§ EXERCISE DESCRIPTION:
Please work out how many lines in the entries contain "Ford", then give that number with nothing added.

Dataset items
>>>

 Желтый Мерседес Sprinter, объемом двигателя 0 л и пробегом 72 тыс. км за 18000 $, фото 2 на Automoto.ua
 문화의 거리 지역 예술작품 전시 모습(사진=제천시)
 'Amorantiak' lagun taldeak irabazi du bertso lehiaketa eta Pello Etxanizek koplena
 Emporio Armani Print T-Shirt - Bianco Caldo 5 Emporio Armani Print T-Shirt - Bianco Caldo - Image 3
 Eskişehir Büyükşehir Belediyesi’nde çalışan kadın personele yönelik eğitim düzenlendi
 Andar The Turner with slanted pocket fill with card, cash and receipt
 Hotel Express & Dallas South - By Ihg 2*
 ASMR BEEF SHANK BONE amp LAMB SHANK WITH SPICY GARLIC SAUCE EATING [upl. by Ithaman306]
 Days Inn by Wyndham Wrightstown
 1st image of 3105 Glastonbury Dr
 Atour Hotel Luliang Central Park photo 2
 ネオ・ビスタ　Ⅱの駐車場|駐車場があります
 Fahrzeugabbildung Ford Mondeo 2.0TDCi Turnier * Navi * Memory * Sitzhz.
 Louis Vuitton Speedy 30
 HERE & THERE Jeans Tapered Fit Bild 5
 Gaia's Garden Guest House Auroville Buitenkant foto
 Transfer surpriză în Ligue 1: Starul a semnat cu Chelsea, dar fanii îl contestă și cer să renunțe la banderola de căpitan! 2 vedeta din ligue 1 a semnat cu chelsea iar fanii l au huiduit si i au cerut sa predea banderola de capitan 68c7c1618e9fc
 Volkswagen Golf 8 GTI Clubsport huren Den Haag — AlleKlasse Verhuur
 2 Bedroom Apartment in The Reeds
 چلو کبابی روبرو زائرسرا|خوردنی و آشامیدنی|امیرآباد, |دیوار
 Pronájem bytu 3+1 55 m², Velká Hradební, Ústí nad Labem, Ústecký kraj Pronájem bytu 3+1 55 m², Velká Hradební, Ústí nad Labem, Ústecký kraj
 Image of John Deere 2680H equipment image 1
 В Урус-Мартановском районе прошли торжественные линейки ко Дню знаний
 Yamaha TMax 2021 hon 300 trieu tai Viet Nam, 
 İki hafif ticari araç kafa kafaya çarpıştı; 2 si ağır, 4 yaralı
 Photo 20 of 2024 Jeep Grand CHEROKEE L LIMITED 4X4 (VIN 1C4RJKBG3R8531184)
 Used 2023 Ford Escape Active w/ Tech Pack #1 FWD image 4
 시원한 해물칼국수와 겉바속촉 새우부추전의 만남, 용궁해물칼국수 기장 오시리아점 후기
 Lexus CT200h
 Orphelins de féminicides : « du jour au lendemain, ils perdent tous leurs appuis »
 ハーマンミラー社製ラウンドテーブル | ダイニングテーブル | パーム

<<<

§ PROBLEM SOLUTION:
2